A change in government could have a generational impact on the scientific community.
October 16, 2015, 6:00pm

Canadian scientists and their supporters have called on the federal government to stop cutting scientific research and muzzling its scientists. Photo via The Canadian Press/Sean Kilpatrick

This article originally appeared on VICE Canada.

The Harper government's unlove affair with science and lust for industry isn't exactly a secret.
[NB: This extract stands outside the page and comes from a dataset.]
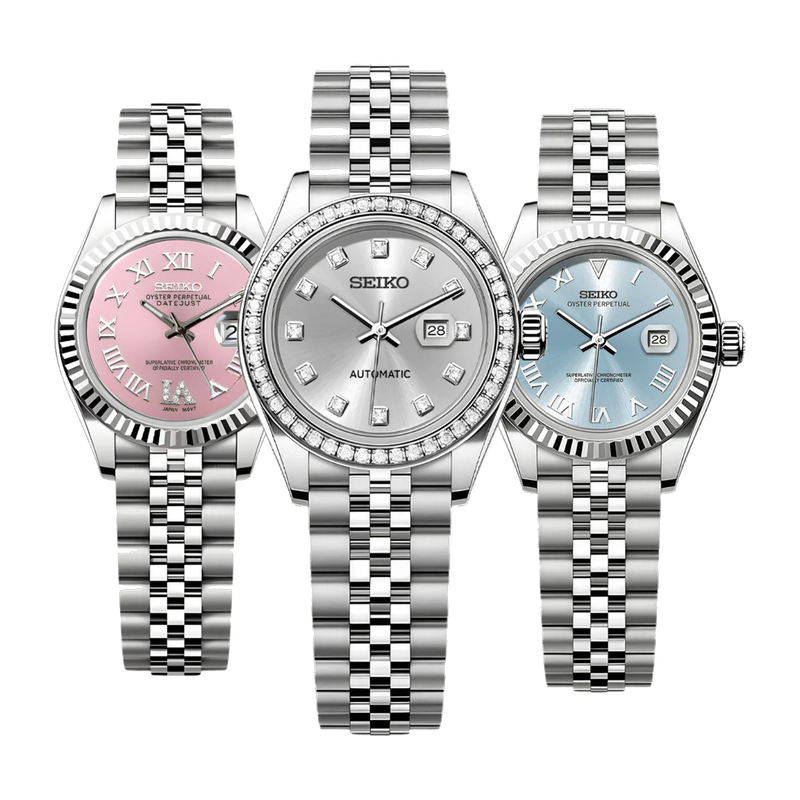 Women's Seiko mod watch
Even international media outlets have run stories about the Harper government's "war on science," the muzzling of scientists, and Canada's science community has responded accordingly.

"The government's policies towards science in general over the past few years haven't been very good, and I think, certainly, government science has been hit the hardest," said Katie Gibbs, executive director for advocacy group Evidence for Democracy.


Read more: Canadian Scientists Are Rallying Against the Government's War on Science

"Things aren't looking very good for government science right now in Canada."

Depending on how everything goes down on October 19, federal science may get a reviving shot that Conservative critics say it desperately needs as all of the other three major parties (yes, I'm counting the Greens) have promised to restore what science-based federal agencies have been losing under Harper.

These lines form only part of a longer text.